Task to carry out:
Each entry must be given again exactly; images do not belong in the copy.

Supplied entries Start Marker

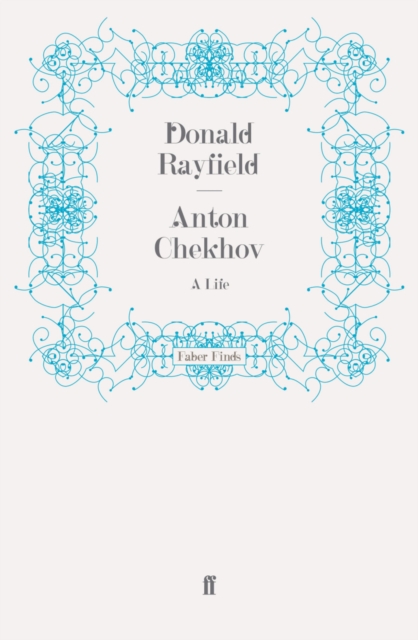 Book Cover for Anton Chekhov by Rayfield, Donald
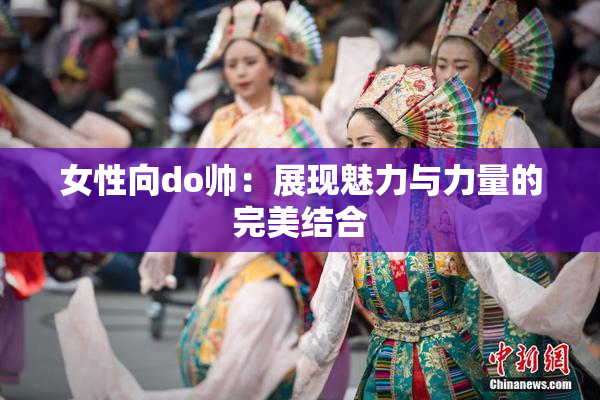 女性向do帅：展现魅力与力量的完美结合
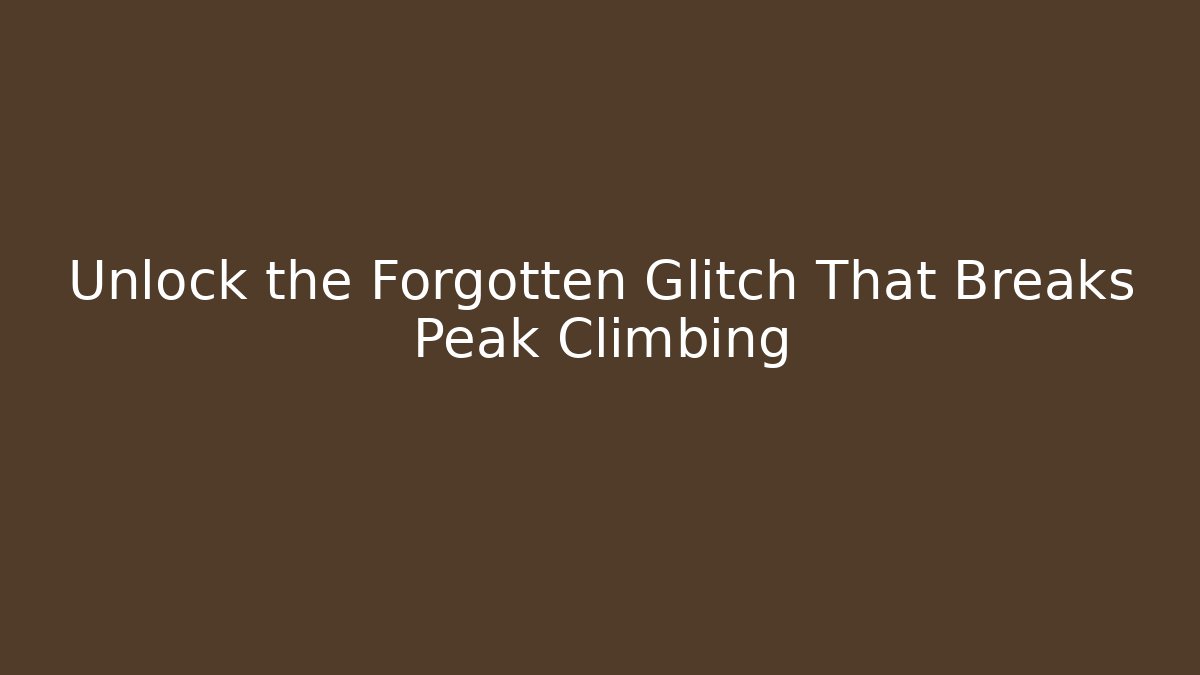 Unlock the Forgotten Glitch That Breaks Peak Climbing - Smart Esu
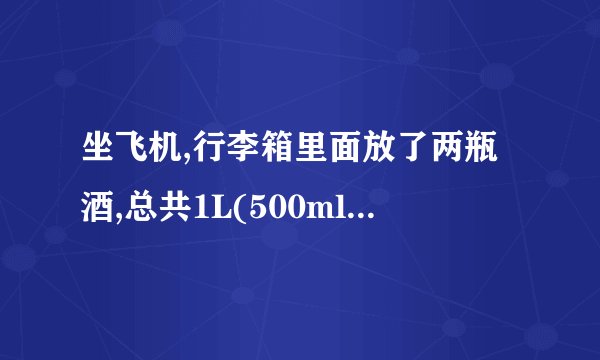 坐飞机,行李箱里面放了两瓶酒,总共1L(500ml*2)已经包裹的很严实了,过...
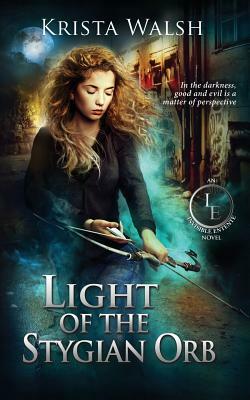 Light of the Stygian Orb by Krista Walsh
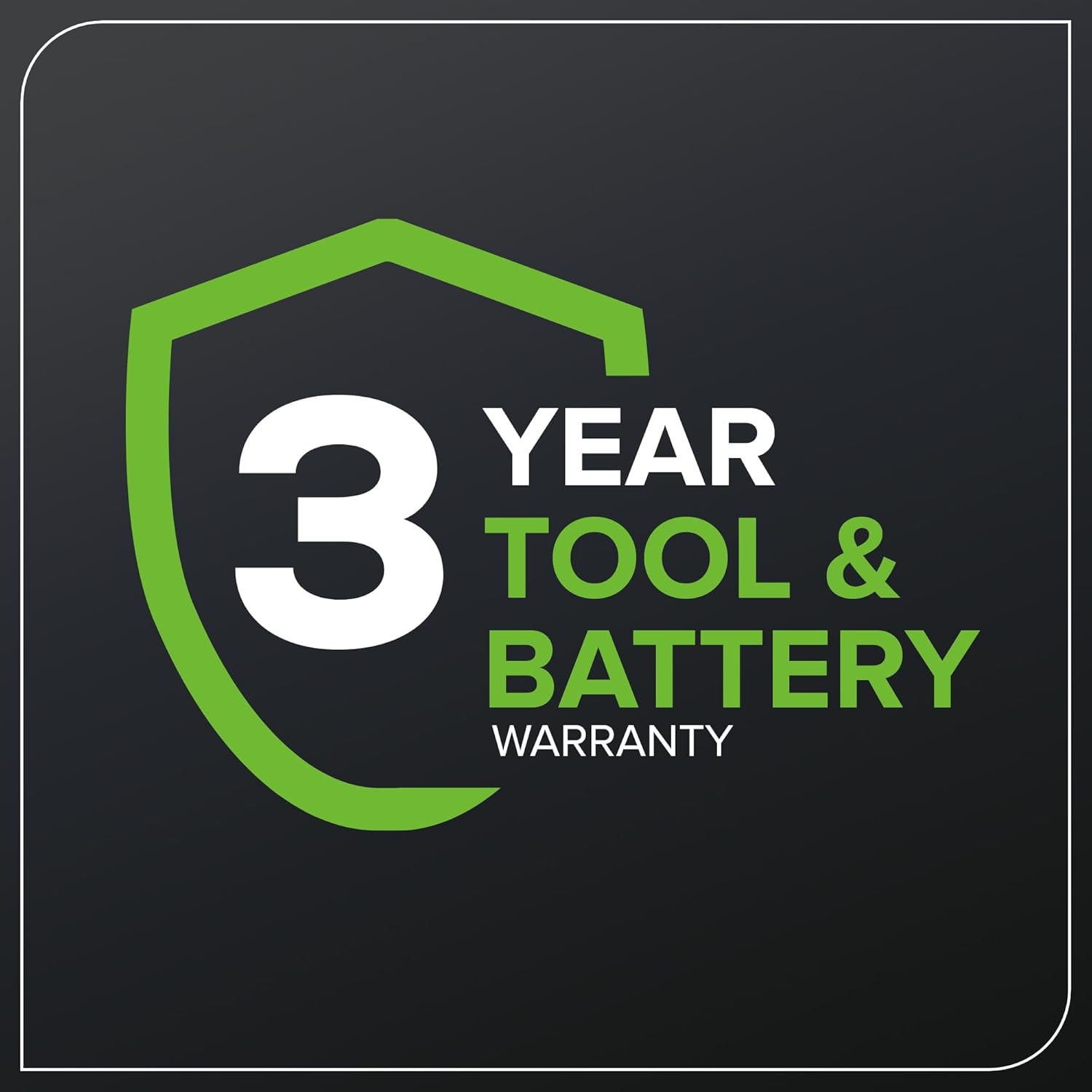 3 YEAR TOOL & BATTERY WARRANTY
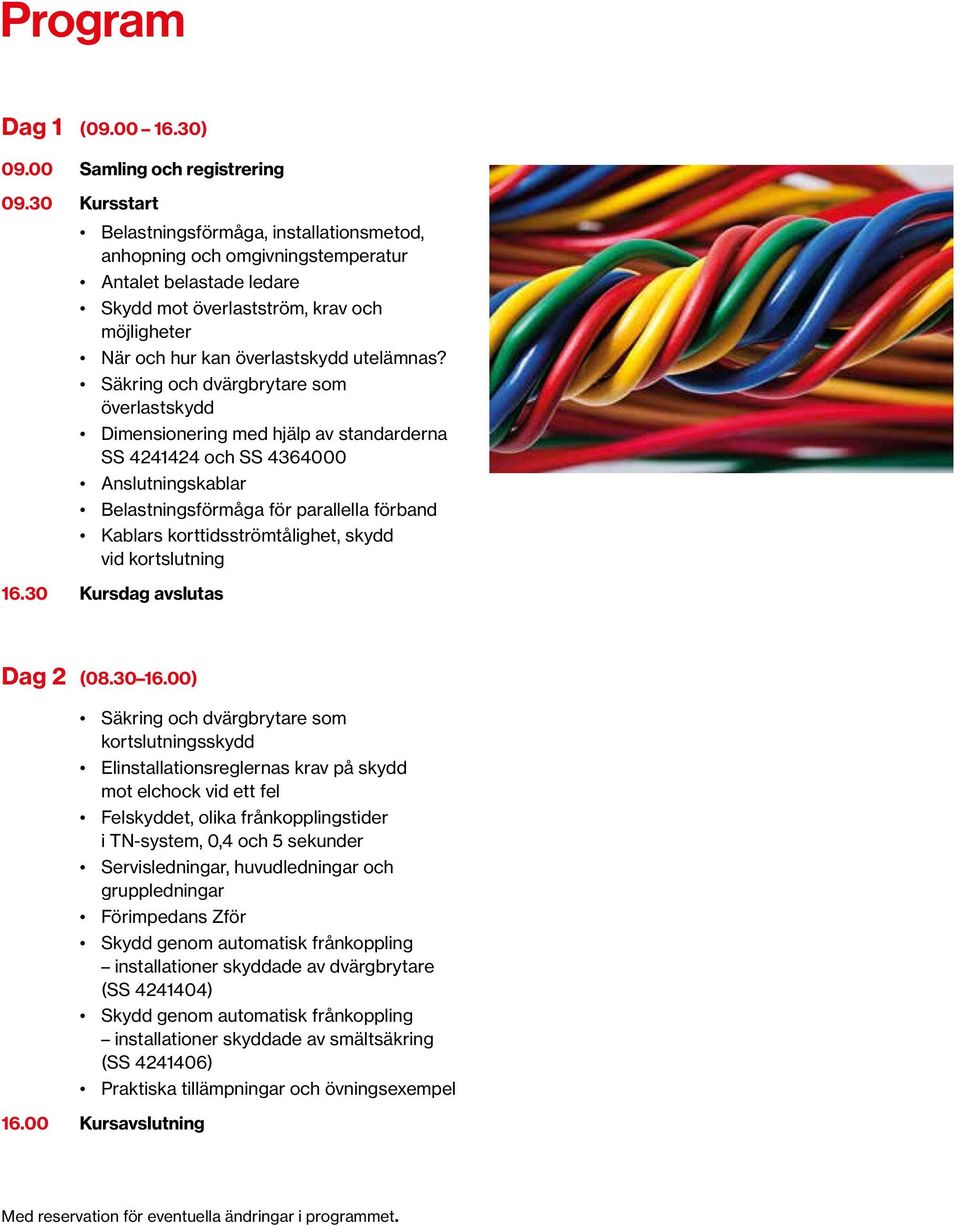 Säkring och dvärgbrytare som överlastskydd Dimensionering med hjälp av standarderna SS 4241424 och SS 4364000 Anslutningskablar Belastningsförmåga för parallella förband Kablars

Supplied entries End Marker

Result for this task:
 Book Cover for Anton Chekhov by Rayfield, Donald
 女性向do帅：展现魅力与力量的完美结合
 Unlock the Forgotten Glitch That Breaks Peak Climbing - Smart Esu
 坐飞机,行李箱里面放了两瓶酒,总共1L(500ml*2)已经包裹的很严实了,过...
 Light of the Stygian Orb by Krista Walsh
 3 YEAR TOOL & BATTERY WARRANTY
 Säkring och dvärgbrytare som överlastskydd Dimensionering med hjälp av standarderna SS 4241424 och SS 4364000 Anslutningskablar Belastningsförmåga för parallella förband Kablars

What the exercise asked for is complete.